GSAT-8
- GSAT-8
- Mission type: Communication
- Operator: INSAT
- COSPAR ID: 2011-022A
- SATCAT no.: 37605
- Mission duration: Planned: 12 years Elapsed: 15 years, 4 months, 6 days

Spacecraft properties
- Bus: I-3K
- Manufacturer: ISRO
- Launch mass: 3,093 kilograms (6,819 lb)
- Dry mass: 1,426 kilograms (3,144 lb)
- Power: 6,242 watts

Start of mission
- Launch date: 20 May 2011, 20:38 UTC
- Rocket: Ariane 5ECA VA202
- Launch site: Kourou ELA-3
- Contractor: Arianespace

Orbital parameters
- Reference system: Geocentric
- Regime: Geostationary
- Longitude: 55° East

Transponders
- Band: 24 Ku band and 2 in L1 & L5 bands (GAGAN)

= GSAT-8 =

Communications satellite

GSAT-8 or INSAT-4G is communication satellite.
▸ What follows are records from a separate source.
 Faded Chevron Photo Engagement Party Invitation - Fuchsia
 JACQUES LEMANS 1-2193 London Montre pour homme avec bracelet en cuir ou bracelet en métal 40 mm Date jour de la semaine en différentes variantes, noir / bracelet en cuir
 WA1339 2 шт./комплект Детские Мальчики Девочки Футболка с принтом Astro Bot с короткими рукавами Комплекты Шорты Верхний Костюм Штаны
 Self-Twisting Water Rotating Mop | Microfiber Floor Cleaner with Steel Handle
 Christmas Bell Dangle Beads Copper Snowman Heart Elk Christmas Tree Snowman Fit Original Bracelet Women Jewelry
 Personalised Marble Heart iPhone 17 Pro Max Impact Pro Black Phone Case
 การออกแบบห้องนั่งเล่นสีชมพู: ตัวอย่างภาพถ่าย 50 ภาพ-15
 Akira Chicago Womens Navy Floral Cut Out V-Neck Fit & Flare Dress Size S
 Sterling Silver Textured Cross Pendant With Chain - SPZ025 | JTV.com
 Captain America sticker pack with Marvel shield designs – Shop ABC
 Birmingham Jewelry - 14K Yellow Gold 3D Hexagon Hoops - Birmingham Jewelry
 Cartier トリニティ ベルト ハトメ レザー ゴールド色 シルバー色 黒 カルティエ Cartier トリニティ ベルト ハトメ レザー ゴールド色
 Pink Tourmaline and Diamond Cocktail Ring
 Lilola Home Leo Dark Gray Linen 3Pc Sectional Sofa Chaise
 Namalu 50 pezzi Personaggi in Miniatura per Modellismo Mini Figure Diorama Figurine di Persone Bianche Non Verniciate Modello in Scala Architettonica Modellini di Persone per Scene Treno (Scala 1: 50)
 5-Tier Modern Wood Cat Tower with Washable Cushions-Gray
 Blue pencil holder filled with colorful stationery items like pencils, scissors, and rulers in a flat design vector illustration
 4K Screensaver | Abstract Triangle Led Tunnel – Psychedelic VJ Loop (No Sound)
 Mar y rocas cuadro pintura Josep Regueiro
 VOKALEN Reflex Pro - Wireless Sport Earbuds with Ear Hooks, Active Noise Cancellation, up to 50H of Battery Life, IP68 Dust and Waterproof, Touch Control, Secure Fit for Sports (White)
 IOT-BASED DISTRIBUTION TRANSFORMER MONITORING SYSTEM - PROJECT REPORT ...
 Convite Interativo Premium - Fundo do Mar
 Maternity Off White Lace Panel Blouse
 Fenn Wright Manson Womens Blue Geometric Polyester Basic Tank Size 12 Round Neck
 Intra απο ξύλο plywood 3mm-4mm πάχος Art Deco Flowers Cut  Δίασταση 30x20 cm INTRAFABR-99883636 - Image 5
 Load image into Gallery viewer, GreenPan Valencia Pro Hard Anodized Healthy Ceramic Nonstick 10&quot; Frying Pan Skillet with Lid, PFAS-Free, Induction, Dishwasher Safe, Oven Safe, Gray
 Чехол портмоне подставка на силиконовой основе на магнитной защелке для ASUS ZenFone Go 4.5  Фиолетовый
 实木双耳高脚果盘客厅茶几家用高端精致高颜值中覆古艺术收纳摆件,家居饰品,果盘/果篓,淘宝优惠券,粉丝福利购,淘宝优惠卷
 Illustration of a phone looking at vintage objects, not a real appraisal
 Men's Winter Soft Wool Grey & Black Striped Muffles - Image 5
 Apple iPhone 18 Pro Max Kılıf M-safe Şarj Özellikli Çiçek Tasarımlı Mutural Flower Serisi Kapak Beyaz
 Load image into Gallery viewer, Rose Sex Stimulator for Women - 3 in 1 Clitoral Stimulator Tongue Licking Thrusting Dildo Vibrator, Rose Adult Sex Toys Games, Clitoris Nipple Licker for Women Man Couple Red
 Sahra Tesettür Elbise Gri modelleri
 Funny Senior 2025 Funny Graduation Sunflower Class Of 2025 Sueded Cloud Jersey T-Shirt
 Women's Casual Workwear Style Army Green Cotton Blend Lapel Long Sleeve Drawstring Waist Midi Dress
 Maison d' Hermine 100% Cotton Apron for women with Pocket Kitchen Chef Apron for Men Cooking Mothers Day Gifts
It was constructed by the Indian Space Research Organisation, as part of INSAT system. GSAT-8 was launched on May 21, 2011, from Kourou, French Guiana. The rocket, an Ariane 5 was the carrier, marketed by the European Arianespace. First satellite to carry GAGAN payload followed up by GSAT-10 and in-orbit spare GSAT-15.

==Launch==
Prior to launch, the spacecraft was transported from India to Cayenne – Rochambeau Airport in French Guiana by an Antonov An-124 cargo aircraft. The success of the launch is said to have made up for the previous loss of two satellites on the indigenous GSLV rocket. GSAT-8 was co-located with INSAT-3E at 55°E.